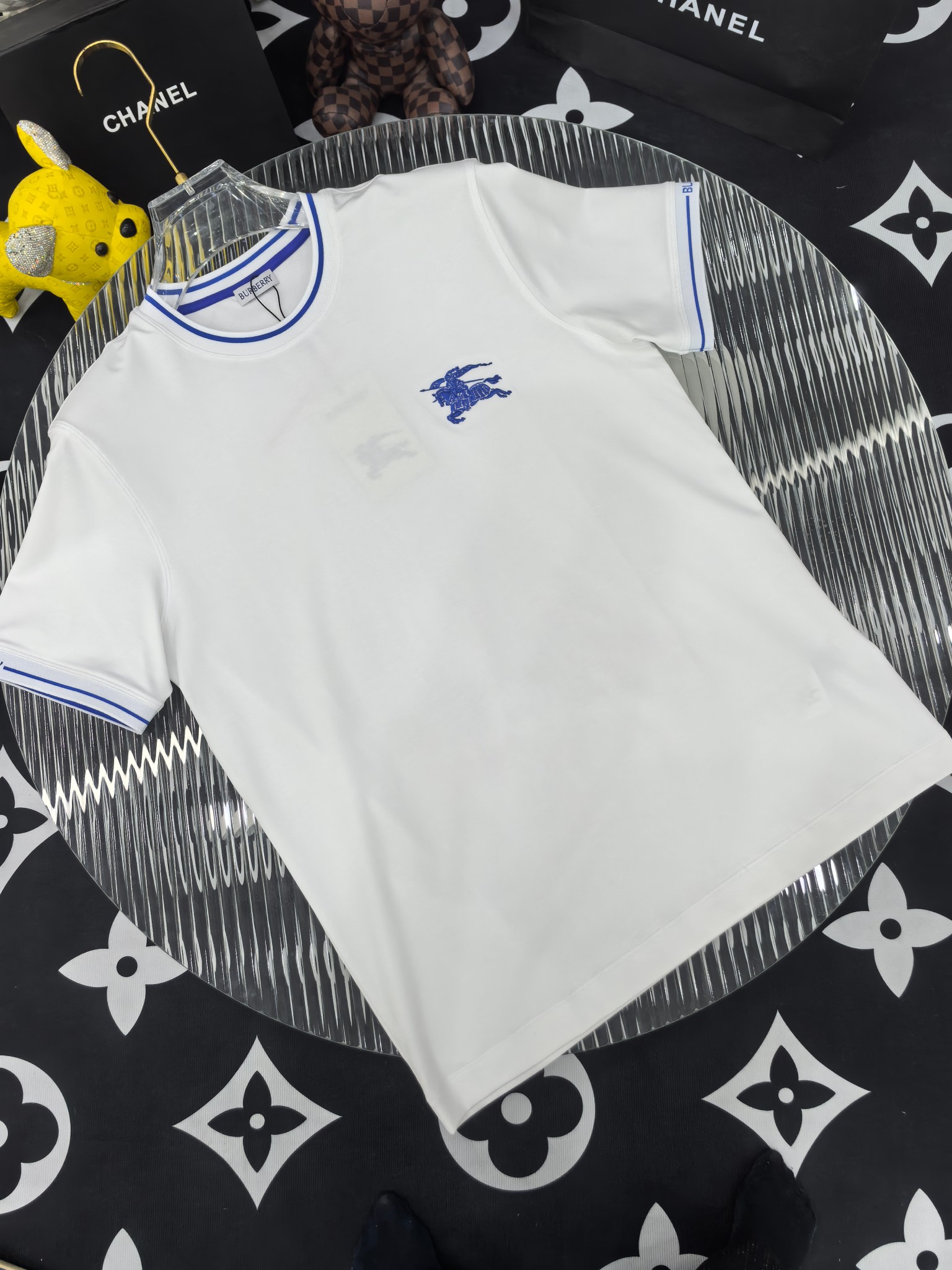 NO:746403,[Burberry 2026 Spring and Summer · High-end Customized T-shirts] The core fabric is Pima cotton imported from Peru × top-level mercerization technology. The core body feels silky smooth, excellent breathability and not stuffy. The core technology heavy industry three-dimensional logo, counter-level precision stitching. The core version is crisp and neat, modifying the body. Classic black and white two-color | M-3XL full size coverage FFF9,, burberry, tees, t-shirt,19860909【 巴宝莉 2026春夏 · 高阶定制T恤】 核心面料秘鲁进口匹马棉 × 顶级丝光工艺 核心体感蚕丝般柔滑,卓越透气不闷热 核心工艺重工立体Logo,专柜级精密车线 核心版型挺括利落,修饰身材 经典黑白双色 | M-3XL全码覆盖 FFF9,,burberry,tees，t-shirt,,Men's clothing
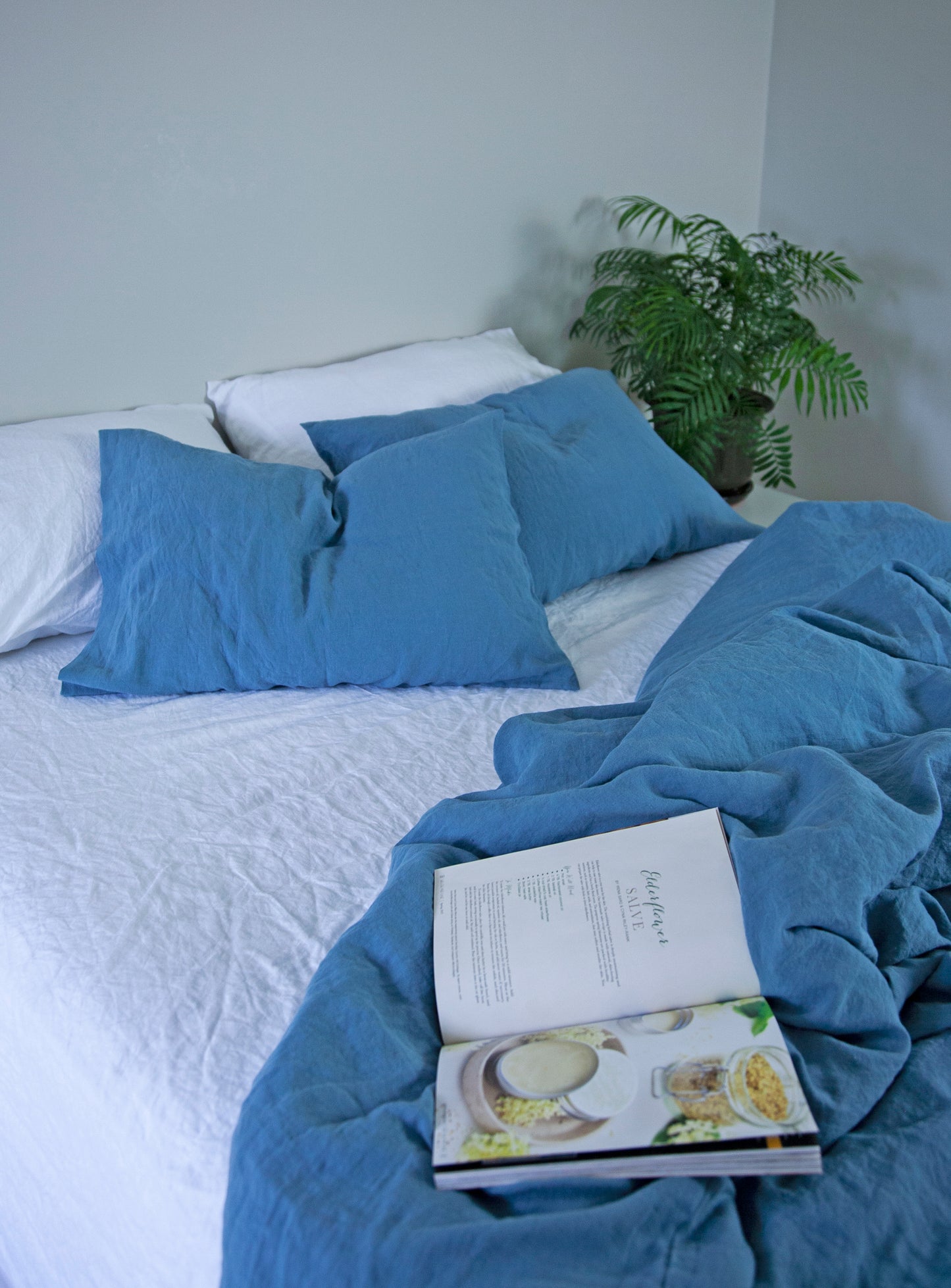 Cal. King Set Duvet + Pillowcases - choose colour in drop down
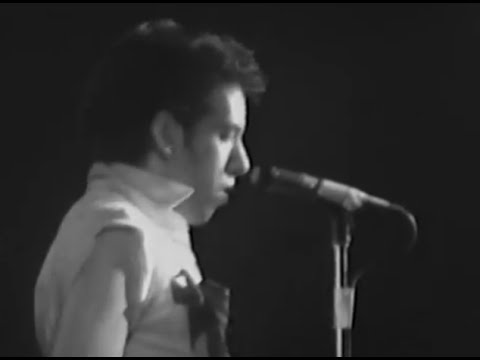 The Clash - Full Concert - 03/08/80 - Capitol Theatre (OFFICIAL)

------------------------------------------------------------------------

▶ EXERCISE DESCRIPTION: Reproduce word for word the lines from the line holding "Cal. King Set" through the last line of the material above, inclusive, and keep pictures out of it.

▶ SOLUTION TO THIS PROBLEM:
 Cal. King Set Duvet + Pillowcases - choose colour in drop down
 The Clash - Full Concert - 03/08/80 - Capitol Theatre (OFFICIAL)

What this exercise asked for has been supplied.